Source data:
- Opening Delimiter -

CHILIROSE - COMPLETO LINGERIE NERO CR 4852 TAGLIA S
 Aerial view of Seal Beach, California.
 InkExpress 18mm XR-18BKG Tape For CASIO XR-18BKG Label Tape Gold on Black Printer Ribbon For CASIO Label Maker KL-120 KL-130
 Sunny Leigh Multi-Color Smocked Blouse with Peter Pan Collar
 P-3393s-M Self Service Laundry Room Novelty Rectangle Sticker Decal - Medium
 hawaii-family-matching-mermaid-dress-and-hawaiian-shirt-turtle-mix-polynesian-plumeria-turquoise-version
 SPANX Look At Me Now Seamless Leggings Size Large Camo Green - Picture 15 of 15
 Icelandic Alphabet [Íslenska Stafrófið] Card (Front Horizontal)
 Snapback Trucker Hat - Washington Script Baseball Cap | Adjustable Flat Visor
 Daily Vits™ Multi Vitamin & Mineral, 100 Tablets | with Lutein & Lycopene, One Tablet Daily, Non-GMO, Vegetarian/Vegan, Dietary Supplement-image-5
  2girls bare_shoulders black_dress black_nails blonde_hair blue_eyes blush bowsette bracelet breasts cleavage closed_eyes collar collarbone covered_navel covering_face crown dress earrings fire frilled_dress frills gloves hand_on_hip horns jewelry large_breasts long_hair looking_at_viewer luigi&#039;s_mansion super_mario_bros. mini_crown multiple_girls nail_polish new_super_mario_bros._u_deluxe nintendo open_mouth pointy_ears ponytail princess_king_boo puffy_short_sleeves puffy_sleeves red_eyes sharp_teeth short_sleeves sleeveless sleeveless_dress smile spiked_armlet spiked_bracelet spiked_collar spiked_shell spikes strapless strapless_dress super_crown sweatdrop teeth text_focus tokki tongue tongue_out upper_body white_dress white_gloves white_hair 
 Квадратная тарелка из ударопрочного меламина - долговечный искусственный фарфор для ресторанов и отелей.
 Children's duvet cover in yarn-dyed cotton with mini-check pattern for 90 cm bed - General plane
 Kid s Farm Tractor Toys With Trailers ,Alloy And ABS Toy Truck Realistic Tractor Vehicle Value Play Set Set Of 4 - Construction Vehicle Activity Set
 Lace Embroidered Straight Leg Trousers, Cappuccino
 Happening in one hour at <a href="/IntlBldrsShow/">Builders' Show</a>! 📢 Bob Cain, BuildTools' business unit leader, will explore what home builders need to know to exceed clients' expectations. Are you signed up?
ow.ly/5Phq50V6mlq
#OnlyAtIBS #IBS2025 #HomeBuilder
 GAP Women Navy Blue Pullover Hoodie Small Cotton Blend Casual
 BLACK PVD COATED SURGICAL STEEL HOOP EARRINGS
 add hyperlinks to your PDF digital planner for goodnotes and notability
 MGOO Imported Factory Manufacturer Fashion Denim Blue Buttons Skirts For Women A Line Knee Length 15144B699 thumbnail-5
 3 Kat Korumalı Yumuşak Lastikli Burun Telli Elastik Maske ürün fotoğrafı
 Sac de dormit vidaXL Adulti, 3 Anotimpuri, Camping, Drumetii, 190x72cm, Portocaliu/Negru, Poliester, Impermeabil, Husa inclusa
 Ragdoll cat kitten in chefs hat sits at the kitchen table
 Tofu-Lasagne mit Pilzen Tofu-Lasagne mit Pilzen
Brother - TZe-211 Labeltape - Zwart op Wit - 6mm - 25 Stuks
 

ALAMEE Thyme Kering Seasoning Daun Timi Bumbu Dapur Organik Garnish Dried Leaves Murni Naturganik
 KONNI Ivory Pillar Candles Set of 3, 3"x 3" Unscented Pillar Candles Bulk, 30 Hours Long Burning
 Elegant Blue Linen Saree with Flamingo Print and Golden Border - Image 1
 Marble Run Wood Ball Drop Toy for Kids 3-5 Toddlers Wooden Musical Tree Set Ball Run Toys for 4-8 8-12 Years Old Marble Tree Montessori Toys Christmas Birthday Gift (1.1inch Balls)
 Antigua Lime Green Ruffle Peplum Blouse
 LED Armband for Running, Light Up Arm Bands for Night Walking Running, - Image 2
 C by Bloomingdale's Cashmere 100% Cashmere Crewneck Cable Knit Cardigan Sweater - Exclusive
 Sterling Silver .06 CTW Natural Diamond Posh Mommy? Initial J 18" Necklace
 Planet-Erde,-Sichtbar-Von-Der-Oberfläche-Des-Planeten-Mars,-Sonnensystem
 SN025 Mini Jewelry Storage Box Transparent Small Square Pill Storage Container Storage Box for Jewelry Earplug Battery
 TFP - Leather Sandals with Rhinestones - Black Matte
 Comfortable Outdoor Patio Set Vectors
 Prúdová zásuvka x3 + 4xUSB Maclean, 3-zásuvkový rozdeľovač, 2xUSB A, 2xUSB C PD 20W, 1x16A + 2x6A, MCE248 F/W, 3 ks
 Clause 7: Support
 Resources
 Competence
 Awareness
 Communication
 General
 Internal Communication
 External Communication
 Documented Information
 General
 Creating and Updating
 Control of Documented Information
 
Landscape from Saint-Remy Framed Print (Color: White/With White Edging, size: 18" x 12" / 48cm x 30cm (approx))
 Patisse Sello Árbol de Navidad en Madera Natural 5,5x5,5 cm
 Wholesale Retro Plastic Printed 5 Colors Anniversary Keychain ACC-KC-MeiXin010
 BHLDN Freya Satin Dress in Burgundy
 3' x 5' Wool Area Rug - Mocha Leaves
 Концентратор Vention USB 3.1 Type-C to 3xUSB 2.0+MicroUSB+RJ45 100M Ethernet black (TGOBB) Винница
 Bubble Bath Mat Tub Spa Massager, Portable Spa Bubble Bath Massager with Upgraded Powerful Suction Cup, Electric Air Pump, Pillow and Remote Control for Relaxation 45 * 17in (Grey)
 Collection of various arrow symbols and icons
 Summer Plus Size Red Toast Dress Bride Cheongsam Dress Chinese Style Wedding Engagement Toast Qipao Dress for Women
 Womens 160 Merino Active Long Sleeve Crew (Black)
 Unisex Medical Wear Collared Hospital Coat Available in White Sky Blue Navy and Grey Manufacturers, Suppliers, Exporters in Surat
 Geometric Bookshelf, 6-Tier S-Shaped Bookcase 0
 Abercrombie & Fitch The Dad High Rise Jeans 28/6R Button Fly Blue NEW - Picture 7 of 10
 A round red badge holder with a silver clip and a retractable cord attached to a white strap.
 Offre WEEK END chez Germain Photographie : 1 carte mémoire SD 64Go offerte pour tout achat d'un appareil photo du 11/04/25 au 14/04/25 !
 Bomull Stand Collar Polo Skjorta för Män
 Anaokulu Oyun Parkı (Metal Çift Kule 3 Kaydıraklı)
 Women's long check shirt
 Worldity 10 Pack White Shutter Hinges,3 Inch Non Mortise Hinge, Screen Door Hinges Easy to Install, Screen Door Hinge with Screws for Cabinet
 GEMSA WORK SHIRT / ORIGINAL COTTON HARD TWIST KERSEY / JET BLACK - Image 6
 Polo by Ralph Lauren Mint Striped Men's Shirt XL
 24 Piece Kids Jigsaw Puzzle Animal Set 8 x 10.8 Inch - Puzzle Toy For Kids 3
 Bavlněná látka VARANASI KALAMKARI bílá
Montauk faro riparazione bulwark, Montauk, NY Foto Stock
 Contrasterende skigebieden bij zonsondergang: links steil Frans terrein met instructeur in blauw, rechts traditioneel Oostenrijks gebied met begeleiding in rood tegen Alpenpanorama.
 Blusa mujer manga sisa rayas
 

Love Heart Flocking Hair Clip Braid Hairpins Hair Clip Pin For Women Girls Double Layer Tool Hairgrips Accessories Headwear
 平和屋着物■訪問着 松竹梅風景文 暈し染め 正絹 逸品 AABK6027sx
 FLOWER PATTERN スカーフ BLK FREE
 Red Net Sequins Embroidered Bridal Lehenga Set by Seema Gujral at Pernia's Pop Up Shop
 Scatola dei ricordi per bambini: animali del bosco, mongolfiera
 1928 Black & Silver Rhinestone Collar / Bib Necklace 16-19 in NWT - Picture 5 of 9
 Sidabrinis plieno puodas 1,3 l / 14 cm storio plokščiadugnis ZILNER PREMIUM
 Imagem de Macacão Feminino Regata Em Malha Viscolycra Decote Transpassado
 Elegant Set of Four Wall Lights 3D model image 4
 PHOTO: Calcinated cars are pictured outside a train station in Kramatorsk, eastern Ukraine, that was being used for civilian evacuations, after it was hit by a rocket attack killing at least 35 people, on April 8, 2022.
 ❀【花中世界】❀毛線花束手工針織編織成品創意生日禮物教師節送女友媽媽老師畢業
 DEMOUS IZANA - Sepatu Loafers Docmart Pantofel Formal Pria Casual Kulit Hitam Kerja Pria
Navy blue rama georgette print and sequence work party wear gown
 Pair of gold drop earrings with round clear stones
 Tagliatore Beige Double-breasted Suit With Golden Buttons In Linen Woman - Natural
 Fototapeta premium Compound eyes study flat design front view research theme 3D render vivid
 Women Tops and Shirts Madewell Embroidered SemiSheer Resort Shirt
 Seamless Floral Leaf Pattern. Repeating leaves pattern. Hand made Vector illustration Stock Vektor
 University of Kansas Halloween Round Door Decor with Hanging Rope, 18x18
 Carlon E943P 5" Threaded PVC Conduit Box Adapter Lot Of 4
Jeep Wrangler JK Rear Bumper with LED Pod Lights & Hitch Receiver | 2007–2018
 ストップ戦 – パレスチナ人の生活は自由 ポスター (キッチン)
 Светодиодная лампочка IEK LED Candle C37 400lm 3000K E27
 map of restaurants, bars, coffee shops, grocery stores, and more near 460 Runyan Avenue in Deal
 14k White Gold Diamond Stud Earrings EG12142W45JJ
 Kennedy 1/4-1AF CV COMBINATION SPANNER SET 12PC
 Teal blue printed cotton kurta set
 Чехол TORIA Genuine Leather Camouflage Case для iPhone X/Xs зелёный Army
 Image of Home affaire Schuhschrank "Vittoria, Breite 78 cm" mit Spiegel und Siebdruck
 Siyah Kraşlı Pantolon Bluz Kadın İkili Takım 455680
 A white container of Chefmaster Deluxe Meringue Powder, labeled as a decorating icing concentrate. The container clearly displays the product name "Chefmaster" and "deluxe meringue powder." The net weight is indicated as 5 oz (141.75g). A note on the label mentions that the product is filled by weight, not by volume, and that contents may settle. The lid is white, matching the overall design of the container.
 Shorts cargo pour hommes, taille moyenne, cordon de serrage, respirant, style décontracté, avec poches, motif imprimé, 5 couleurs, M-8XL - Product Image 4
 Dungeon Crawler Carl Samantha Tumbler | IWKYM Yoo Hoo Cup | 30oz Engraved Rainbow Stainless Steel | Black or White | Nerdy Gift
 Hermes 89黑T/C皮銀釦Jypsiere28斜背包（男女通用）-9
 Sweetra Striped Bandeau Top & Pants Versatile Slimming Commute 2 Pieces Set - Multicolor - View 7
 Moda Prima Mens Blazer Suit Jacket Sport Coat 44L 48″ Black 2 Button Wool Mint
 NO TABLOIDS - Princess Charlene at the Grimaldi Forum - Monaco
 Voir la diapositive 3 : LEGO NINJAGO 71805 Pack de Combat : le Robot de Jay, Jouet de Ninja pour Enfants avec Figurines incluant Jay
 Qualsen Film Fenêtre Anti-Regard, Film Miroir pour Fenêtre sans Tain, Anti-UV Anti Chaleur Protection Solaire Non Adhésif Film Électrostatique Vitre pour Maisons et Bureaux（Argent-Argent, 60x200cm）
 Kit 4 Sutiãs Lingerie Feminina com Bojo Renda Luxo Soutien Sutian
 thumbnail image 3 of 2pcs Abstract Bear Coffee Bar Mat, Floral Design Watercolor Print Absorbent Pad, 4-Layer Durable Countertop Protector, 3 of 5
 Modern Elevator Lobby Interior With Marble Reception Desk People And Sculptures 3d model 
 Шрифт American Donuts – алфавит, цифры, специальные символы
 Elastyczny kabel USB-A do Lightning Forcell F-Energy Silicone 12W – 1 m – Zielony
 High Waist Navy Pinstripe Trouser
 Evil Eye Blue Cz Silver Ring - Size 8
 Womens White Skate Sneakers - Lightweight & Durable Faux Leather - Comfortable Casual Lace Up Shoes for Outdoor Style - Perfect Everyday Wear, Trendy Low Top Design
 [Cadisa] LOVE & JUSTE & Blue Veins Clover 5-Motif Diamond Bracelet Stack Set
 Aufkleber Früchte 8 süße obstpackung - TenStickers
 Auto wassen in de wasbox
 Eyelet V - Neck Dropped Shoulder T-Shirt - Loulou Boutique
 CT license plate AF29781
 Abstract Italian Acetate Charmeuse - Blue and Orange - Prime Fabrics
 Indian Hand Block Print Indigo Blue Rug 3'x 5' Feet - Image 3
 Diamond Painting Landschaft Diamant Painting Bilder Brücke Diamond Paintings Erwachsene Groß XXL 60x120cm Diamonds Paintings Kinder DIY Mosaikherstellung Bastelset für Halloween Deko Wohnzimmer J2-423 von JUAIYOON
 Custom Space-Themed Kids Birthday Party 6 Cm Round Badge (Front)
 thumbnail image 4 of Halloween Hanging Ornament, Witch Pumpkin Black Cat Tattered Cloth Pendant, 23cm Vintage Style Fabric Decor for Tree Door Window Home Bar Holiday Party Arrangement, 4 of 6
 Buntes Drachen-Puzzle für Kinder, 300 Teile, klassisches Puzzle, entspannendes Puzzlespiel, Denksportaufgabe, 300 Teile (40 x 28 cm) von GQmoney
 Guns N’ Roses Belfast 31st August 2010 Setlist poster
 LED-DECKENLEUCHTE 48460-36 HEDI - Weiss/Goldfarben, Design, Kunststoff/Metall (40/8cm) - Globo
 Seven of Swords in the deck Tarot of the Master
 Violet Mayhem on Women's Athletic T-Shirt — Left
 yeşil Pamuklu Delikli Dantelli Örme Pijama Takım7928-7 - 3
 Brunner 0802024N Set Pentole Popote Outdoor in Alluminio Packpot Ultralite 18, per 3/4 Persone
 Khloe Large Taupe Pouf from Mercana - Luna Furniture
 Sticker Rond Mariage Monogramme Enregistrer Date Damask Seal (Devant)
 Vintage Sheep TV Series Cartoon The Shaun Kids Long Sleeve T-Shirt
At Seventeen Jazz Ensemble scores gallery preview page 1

- Closing Delimiter -

- TASK
Looking at the records above, return exactly the lines from the line with "Indian Hand Block" to the line with "Brunner 0802024N Set", both ends included.

- TASK RESULT
 Indian Hand Block Print Indigo Blue Rug 3'x 5' Feet - Image 3
 Diamond Painting Landschaft Diamant Painting Bilder Brücke Diamond Paintings Erwachsene Groß XXL 60x120cm Diamonds Paintings Kinder DIY Mosaikherstellung Bastelset für Halloween Deko Wohnzimmer J2-423 von JUAIYOON
 Custom Space-Themed Kids Birthday Party 6 Cm Round Badge (Front)
 thumbnail image 4 of Halloween Hanging Ornament, Witch Pumpkin Black Cat Tattered Cloth Pendant, 23cm Vintage Style Fabric Decor for Tree Door Window Home Bar Holiday Party Arrangement, 4 of 6
 Buntes Drachen-Puzzle für Kinder, 300 Teile, klassisches Puzzle, entspannendes Puzzlespiel, Denksportaufgabe, 300 Teile (40 x 28 cm) von GQmoney
 Guns N’ Roses Belfast 31st August 2010 Setlist poster
 LED-DECKENLEUCHTE 48460-36 HEDI - Weiss/Goldfarben, Design, Kunststoff/Metall (40/8cm) - Globo
 Seven of Swords in the deck Tarot of the Master
 Violet Mayhem on Women's Athletic T-Shirt — Left
 yeşil Pamuklu Delikli Dantelli Örme Pijama Takım7928-7 - 3
 Brunner 0802024N Set Pentole Popote Outdoor in Alluminio Packpot Ultralite 18, per 3/4 Persone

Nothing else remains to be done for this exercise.